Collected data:
+ + +
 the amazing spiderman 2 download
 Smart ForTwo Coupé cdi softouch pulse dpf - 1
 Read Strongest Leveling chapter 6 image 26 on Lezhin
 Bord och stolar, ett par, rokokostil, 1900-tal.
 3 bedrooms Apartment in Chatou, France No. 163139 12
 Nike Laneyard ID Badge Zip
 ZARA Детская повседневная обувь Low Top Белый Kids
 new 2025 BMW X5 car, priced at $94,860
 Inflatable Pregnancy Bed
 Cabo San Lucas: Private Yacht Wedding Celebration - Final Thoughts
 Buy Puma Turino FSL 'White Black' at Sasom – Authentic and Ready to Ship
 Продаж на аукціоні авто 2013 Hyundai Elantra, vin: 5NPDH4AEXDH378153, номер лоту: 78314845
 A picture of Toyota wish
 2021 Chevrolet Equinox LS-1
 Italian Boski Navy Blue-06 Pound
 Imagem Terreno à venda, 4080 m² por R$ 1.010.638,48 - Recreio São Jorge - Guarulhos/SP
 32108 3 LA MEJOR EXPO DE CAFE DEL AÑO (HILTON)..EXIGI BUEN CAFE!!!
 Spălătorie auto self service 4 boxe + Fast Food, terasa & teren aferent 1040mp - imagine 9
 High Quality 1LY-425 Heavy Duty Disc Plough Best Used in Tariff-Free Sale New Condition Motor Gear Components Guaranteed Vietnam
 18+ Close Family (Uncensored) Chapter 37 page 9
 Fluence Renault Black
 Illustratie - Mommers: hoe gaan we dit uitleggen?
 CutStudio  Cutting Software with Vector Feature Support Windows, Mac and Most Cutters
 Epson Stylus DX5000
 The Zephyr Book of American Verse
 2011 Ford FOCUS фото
+ + +
Task: With the line that contains "and Most Cutters" as the first and the final line of the data as the last, repeat every line in that span exactly.

Reply to the task:
 CutStudio  Cutting Software with Vector Feature Support Windows, Mac and Most Cutters
 Epson Stylus DX5000
 The Zephyr Book of American Verse
 2011 Ford FOCUS фото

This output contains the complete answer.